Lingering
Yah . . . it is true. I do linger . . . loiter . . . take my time making my way home from school. Dawdling she calls it, like doodling, like I’m some stub of a pencil aimlessly inscribing a path through the snow covered street. Dawdling. . .
“Jack, get the hell in here right now.”
I laugh (just in my head though). She’s got on Sam’s old rubber boots, the black ones with the green stripe running ‘round them, with her jeans stuffed right down inside and dirty old rubber bands stretched around the tops of the damn boots holding in her jeans. She’s got those bright yellow rubber kitchen gloves on too, but that’s nothing new. It’s the rubber bands I can’t get over - wrapped around her wrists and ankles like she doesn’t want to expose any skin or nothing.
Kali is propped on the floor in the living room crying; her dollhouse stuff is semi-circled around her caging her in, her half empty bottle lying just outside the arc of toys. I can hear the twins, Jacob and Daniel, upstairs play wrestling and laughing and I hope they stay up there and keep it down, ‘cause I know someone’s in for it.
Rubber-handed, she grabs me by the sleeve of my jacket—my favourite one, the navy hoodie that’s worn so it feels just right, the one that used to be Sam’s—and, yanks me into the hall.
“For Christ’s sake, get the broom and kill it,” she says.
Peeling gloves, reaching for her cigarettes, she heads out the front door for the porch.
Man, I should have guessed. She must have been freaking out all afternoon. I scoop up Kali and her bottle and plop her in the big armchair in the living room and make my way into the kitchen where the broom is tucked in beside the fridge.
I feel queasy, sick inside. I can smell the mouse now, close, heavy with rat poison, hiding somewhere, knowing, waiting for death. The broom feels odd in my hands, too long for me, not sturdy enough. I wish I had gloves. I stop in the middle of the kitchen listening, waiting.
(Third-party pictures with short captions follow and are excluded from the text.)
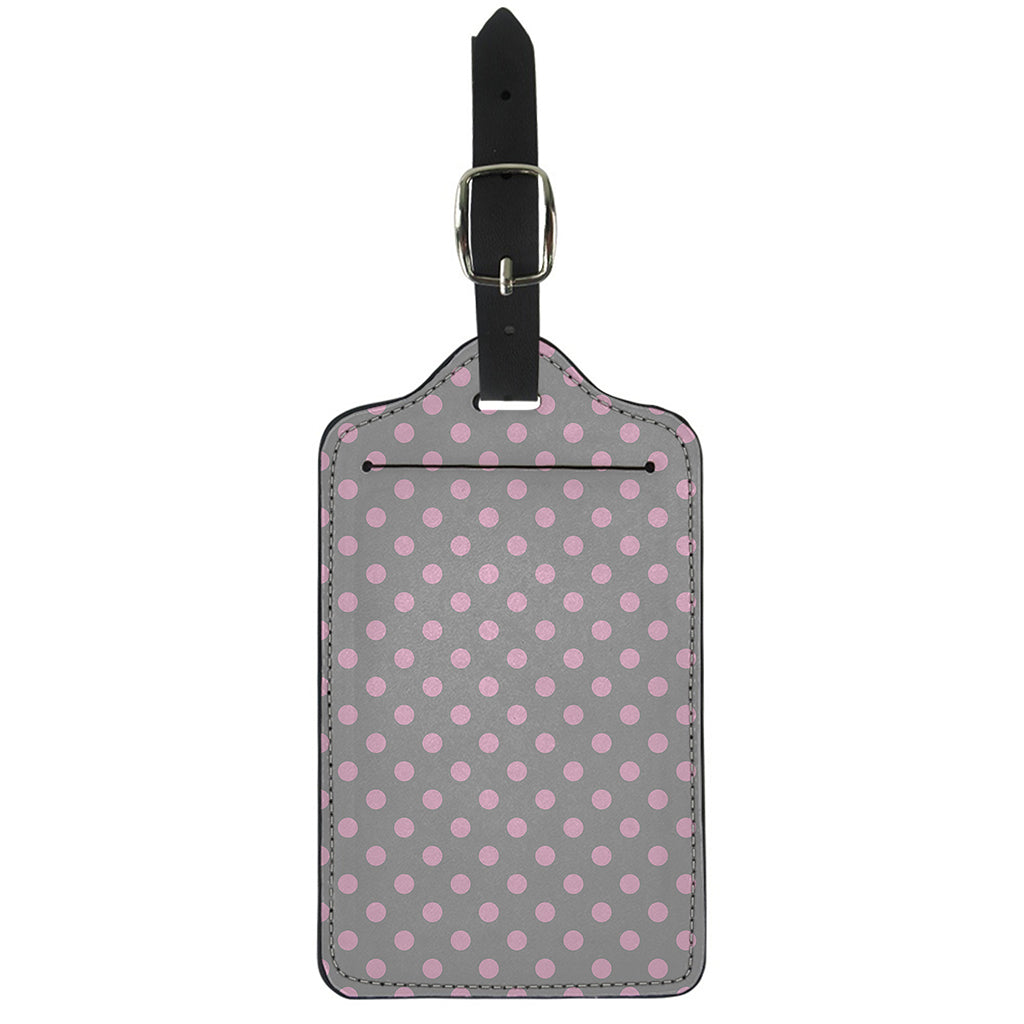 Grey And Pink Polka Dot Pattern Print Luggage Tag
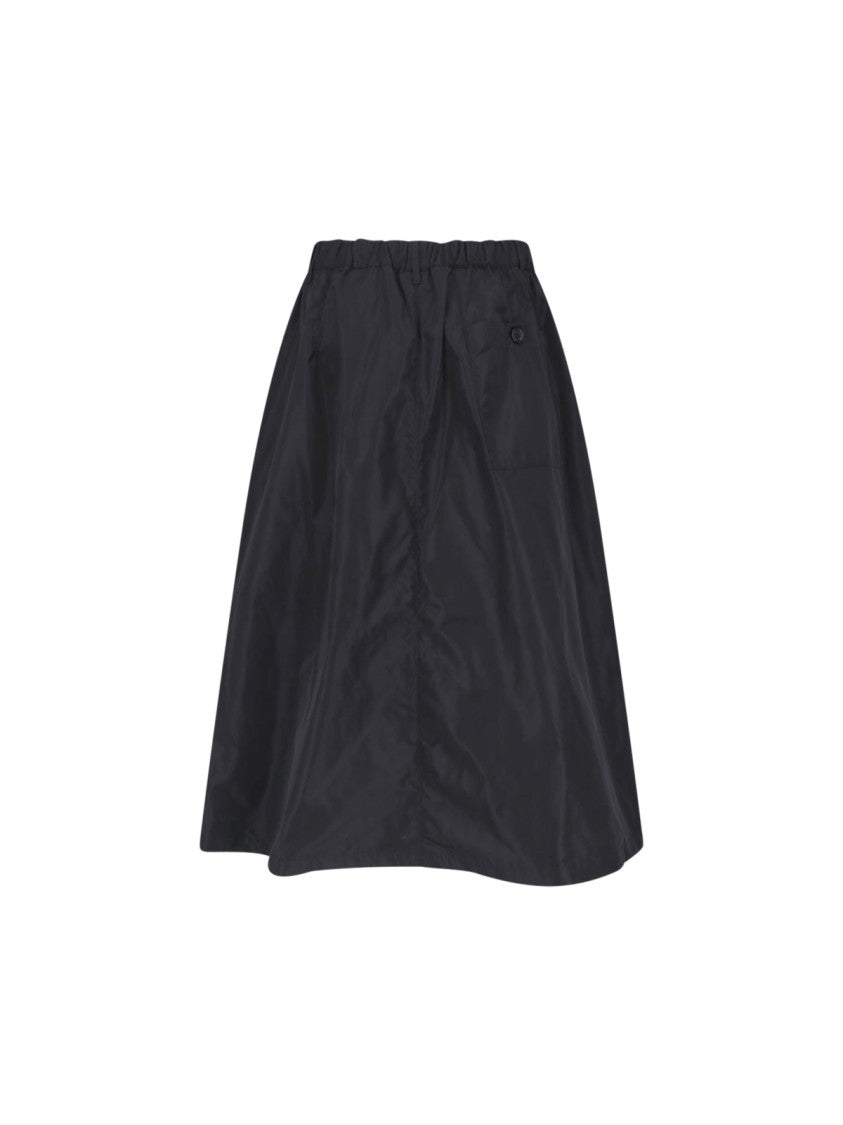 Aspesi Black Technical Midi Skirt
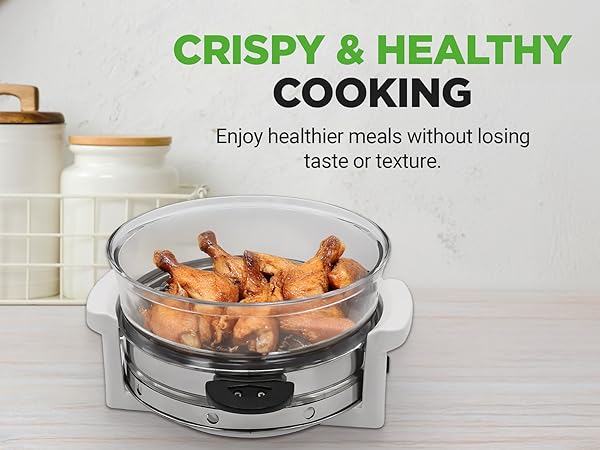 hassle-free cooking method. Simply place the food inside the hot air fryer, set the temperature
If I’m lucky, it’ll be in the kitchen and make a scurrying sound on the linoleum ‘cause I don’t want to think about having to search the rest of the house. I stand there - oh so still - trying not to think, listening to the sound of my own heart.
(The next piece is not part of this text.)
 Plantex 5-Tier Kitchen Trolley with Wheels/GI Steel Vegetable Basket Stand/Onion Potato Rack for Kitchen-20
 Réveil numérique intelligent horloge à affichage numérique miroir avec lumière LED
Kali starts crying again and I have to go into the living room to soothe her.
“Kali, Kali, shh, shh, I need to listen for the mouse,” I say.
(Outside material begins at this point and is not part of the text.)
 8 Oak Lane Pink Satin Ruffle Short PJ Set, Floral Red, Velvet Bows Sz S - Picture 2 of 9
A basket of unfolded laundry, greying socks and underwear, is piled high on the pink (dusty rose, she calls it) chesterfield and I pray that the mouse hasn’t curled up inside searching for its last warm bed. I can hear the twins arguing now and I yell at them not to come downstairs.
I listen and wait.
I am sure I see movement in my peripheral vision and I feel a tight knot, a kind of ache, forming in my chest. The movement is quick, but I am good at sensing their presence. Sometimes I see them in my dreams—a tail disappearing under a pedal of the old piano or, worse, under the oven drawer. My eyes scout the room wanting, and not wanting, to find that mouse. Again, I wait and listen. Kali whimpers.
For one brief moment everything is still.
Across the room I see it: the fish-shaped ceramic soap dish (the one I made for her last year in Ms. Abel’s Grade Five art class) resting on the mahogany end table by the armchair, a half-smoked cigarette crushed into its stomach. Soiled. Dirtied. Two near-empty hi-ball glasses, liquid amber, ice not yet melted, stand by its side.
Through the window I can see my mother in her ridiculous get-up pacing on the porch. Some thing like anger rises inside me. I look at Kali; she looks at me. I raise my arms over my head and bring the broom down on the rug with a loud thwack.
My eyes lock with Kali’s, willing her not to be scared. She giggles and that’s when I do see the mouse. It’s sitting quietly, unmoving, bathed in a ray of sunlight in the corner by the TV. I’m not sure what’s worse: when they scurry or when they just sit and wait for death. I know I need to get it over with but I don’t think the mouse is going anywhere. Kali smiles at me. I inch forward and turn on the TV and flick the channels until I find Mr. Dressup.
I have an idea and I go back into the kitchen and get the dust pan from under the sink. Back in the living room, the mouse is still there, basking in that bit of light. I walk right up to it – no more than a foot or two away - and I can tell it’s alive because I can see it breathing now; but, it still doesn’t move.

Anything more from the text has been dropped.